Net als ik het moeilijk heb haalt de oude man mij relaxed
fietsend in. Je ziet het gelijk aan mij. Ik sjok wat meer, kijk moeilijk, zeg
maar de somberste blik van Frank de Boer in het kwadraat. “Rotterdam is nog een heel eind” roept hij me toe en zet aan om
zijn vrouw bij te halen die een meter of 10 voor hem fietst. Terwijl zij
langzaam uit mijn wazige blikveld verdwijnen meldt Runkeeper zich via het
felgeel gekleurde oortelefoontje met de teleurstellende mededeling dat na 9km mijn
gemiddelde snelheid aan het dalen is. Versnellen dus! Luidt piepend alarmeert
de hartslagmeter dat ik boven mijn limiet zit . Vertragen dus!

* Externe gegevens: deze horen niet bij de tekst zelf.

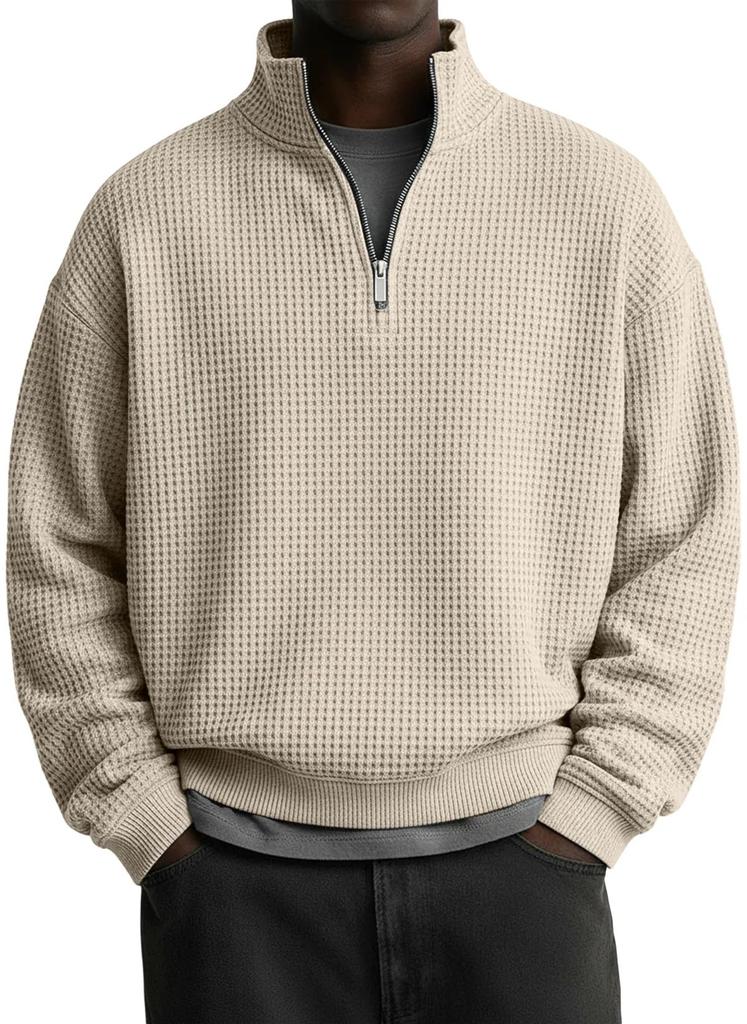 Felpa con zip da uomo per autunno inverno, casual, vestibilità larga, felpa con cappuccio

Aangezien ik het
iedereen, inclusief elektronische apparaten, naar de zin wil maken vertraag ik
mijn pas iets, waardoor mijn hartslag wat daalt en mijn snelheid nog net boven
mijn minimum zit. Ik ben op weg naar Rotterdam, de marathon van…. om precies te
zijn. Volgend jaar april is het zover. Het idee was er toen mede 50+’er Theo
tijdens een wandeling in Istanbul liet vallen dat hij dat wel een keer wilde
doen. ‘ Ik doe mee’ riep ik schuifelend
in de menigte bij het Topkapipaleis, waar de doorstroming wel iets weg heeft
van de start van een drukbezocht loopevenement.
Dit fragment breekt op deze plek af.